My financial stress comes from the fact that I don’t have enough in my SSDI allowance to live on, and to afford the crafting materials to keep busy when trapped inside the house for days on end. If I’m indoors, though, that also means that I’m juggling my need to heat this tin can of a home, and stay awake when COPD wants me to just sleep and sleep and sleep.
My financial stress also comes from the fact that I can see where my employer is gambling that they won’t have to pay my matching salary benefits (as promised in the employee handbook, and as paid gor through my labors and my insurance payments while working there for 4+ years).
As someone who was born with birth defects and who managed to both survive and take care of myself while wotking for 42 years, it’s especially bothersome to be smart enough to be able to read and adapt to my changing circumstances, while also seeing where the man is sticking it to me.

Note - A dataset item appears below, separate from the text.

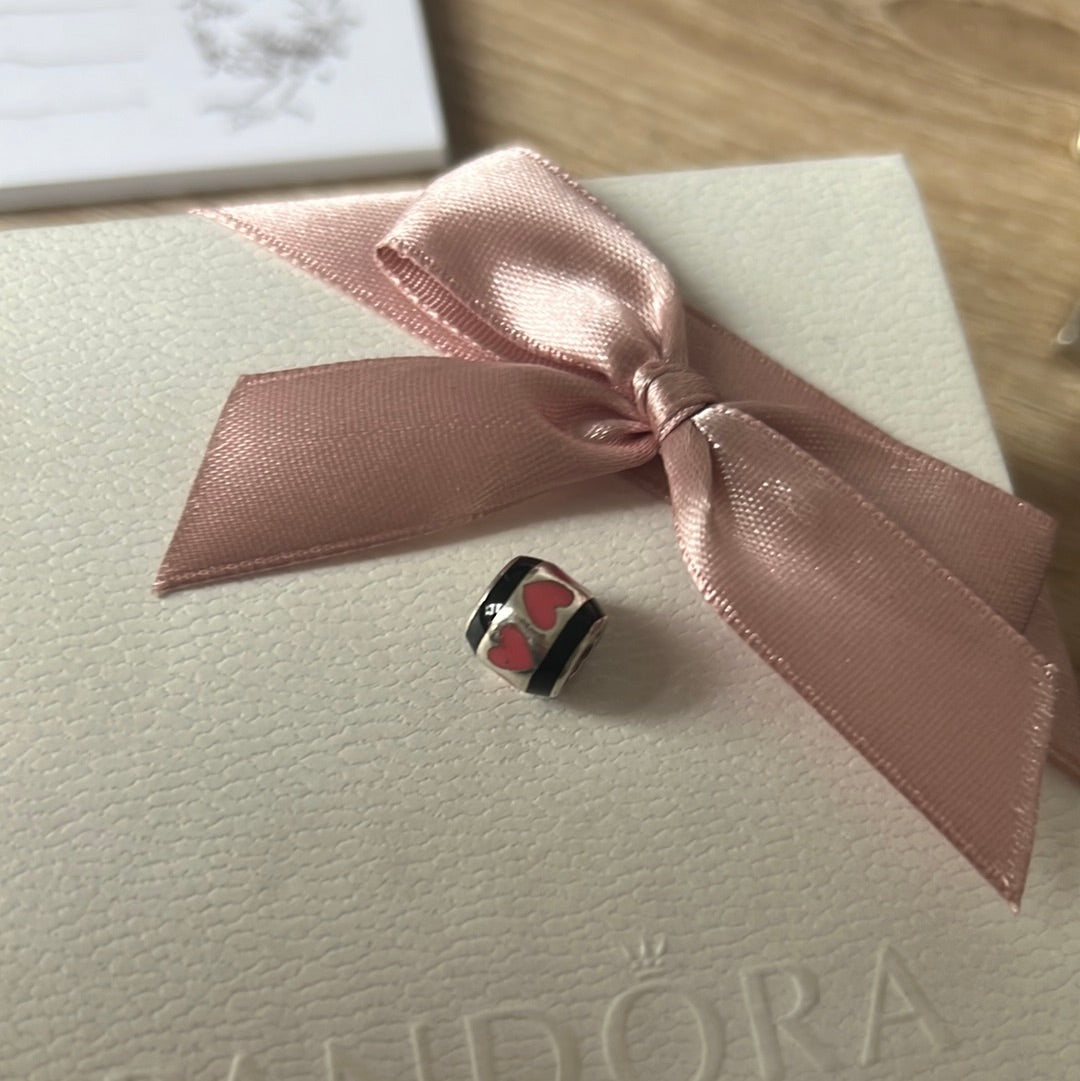 Sterling Silver Pink Heart and Black Line Charm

I’m sitting here in my 60-odd degrees home (I don’t dare put the setting near 70 degrees, as that will really screw the pooch for covering my expenses), eating the best food I can afford (lots of beans, dggs, rice and noodles – way too many forbidden carbs), and just counting the days until March, when I’ll find out whether or not I’ll get profit sharing. Or, if they will say that’s not allowed (despite what’s in the employee handbook for workers on leave or disabed), or find that they paid it, but then clawed it back because they say they improperly paid me about $12-$15k last year, and the judge has yet to rule on my case.
Having that $147k of funds on my pay stub as a potential debt owed to me, plus having them prevent me from accessing my 401k because I’m still, technically, employed, is maddening.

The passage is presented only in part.